The competition among language models is fierce. Models like GPT, Mistral, Llama, Gemma, Claude, Bloom, or Solar continuously compete for dominance. However, one major challenge remains – there is still a lack of information on how these models perform with smaller languages. For the average user, the high accuracy of these models may seem impressive, but in certain fields, such as medicine or law, even minor errors can have serious consequences. Additionally, many of the most advanced models (e.g., GPT) are proprietary and controlled by private companies that regulate data access. This raises concerns about the security of sensitive data and complicates their application in critical domains.

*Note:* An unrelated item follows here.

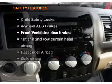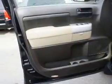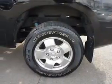If safety is a high priority, rest assured knowing these top safety components are included: front ventilated disc brakes, curtain head airbags, passenger airbag, side airbag, traction control, stability control, and low tire pressure warning.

Are there any alternatives? Yes, open-weight models! Users can download them directly onto their computers and either: 1) fine-tune with their own data, or 2) use them as they are with carefully crafted prompts. The first approach requires additional training data and significant computational resources, making it inaccessible to many users. Therefore, we focused on evaluating the second approach in our recent study, which has been accepted for presentation at the NoDaLiDa & Baltic HLT conference.
The study tested 12 different language models to assess their ability to understand and generate text in Lithuanian, Latvian and Estonian. It included both proprietary models (GPT-3.5 Turbo, GPT-4, and GPT-4o) and open-weighted models (Llama 3, 3.1, and 3.2 with 3, 8, and 70 billion parameters; Mistral with 12 billion; Gemma2 with 9 and 27 billion; and Phi with 3 and 14 billion).

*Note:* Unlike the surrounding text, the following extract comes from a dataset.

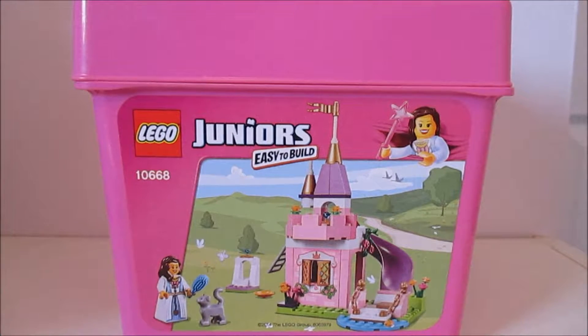Hello everyone, it's Tired Mummy and Zaczone. Today we are looking at this Lego Juniors set. It is number 10668 and it is a princess with a cat and a castle.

The first experiment focused on machine translation accuracy, comparing translations between English and the three languages of the Baltic states. Unsurprisingly, GPT models performed best, but Gemma2 (27 billion) and Llama 3.1 (70 billion) delivered translation quality comparable to GPT models. Meanwhile, Phi models performed the worst. The results were also compared with DeepL, one of the most advanced machine translation systems, which showed that its translation quality matched that of GPT-4o. This indicates that large language models are now capable of producing translations that rival specialised translation systems.

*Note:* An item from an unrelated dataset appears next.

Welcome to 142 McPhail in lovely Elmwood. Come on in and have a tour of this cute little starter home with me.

In another task, the models had to answer multiple-choice questions in Lithuanian, Latvian and Estonian. This required not only comprehension but also the ability to present the correct answer in the appropriate format. Once again, the top-performing models were GPT-4o, Llama 3.1 (70 billion), and Gemma2 (27 billion). However, when compared to English, the accuracy in smaller languages was significantly lower.
The third experiment assessed how well these models could answer open questions in Lithuanian and Latvian across different domains. The best models achieved 80–90% accuracy. The text generation fluency was also evaluated. The top 3 leading models remained the same here, as well. Additionally, we tested monolingual Llama2 models (7 billion and 13 billion) developed by Neurotechnology, specifically adjusted for Lithuanian. These models generated exceptionally fluent Lithuanian text, but their accuracy was still significantly lower than that of the large multilingual models.
This research reaffirmed a crucial fact: the quality and diversity of training data are paramount. If we want language models to achieve the same level of accuracy in smaller languages as they do in larger ones, active collaboration within the scientific community is essential. This includes continuous data collection and the development of specialised models. Instead of competing, let’s collaborate!